Is God dead -or for that matter was He ever alive? Could a god really be gendered, and if so, which one would it pick… and why? What is a ‘god’ anyway? I’ve wondered about these things for years…
To take a step back for a moment, when I was a child, I assumed my parents knew what they were talking about; I had no reason to doubt them. But when I began to mature, I soon realized that we have reasons for the things we believe which may not necessarily be the same for everybody. There is wiggle-room for some things, I suppose -favourite songs, maybe- and virtually none for others -like, say, whether 2+2 ever equals 5. Most things, however, ride somewhere in between and seem to depend more on region than reason. God is a good example. In high school, I don’t remember a teacher ever admitting they were non-believers; in university… well, it was fashionable to question things there wasn’t it?

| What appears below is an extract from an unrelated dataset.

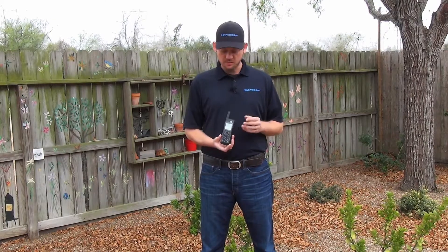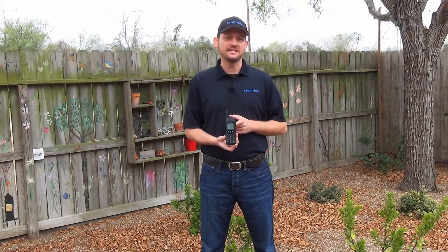Hi, I'm SatMoto Scott and today we're talking about Iridium's 9555 handset. Topic number three: using the magnetically mounted antenna.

I wasn’t really surprised then, when I discovered the European idea of the death of God, predated Nietzsche by a couple of centuries -I’ve always had trouble anthropomorphizing the concept, anyway. Although I suspect my parents thought of God as some sort of ethereal person, and my Sunday school teachers seemed to have pictures of Him on hand should the need ever arise, I was never convinced -well, not after a while, at any rate. Capital-G god seemed more aspirational than corporeal, more of a guiding feeling of Hope than a reality. I had no wish to characterize myself as an atheist but rather as that of a skeptical fence-sitter -a small-g god person. Like Vladimir or maybe Estragon, in Beckett’s Waiting for Godot, I’m curious about whether Godot will ever arrive, but although increasingly doubtful, wouldn’t want to miss the opportunity should it ever happen. So, I’m not sure whether that hope makes me an agnostic or a theist; it probably doesn’t really matter…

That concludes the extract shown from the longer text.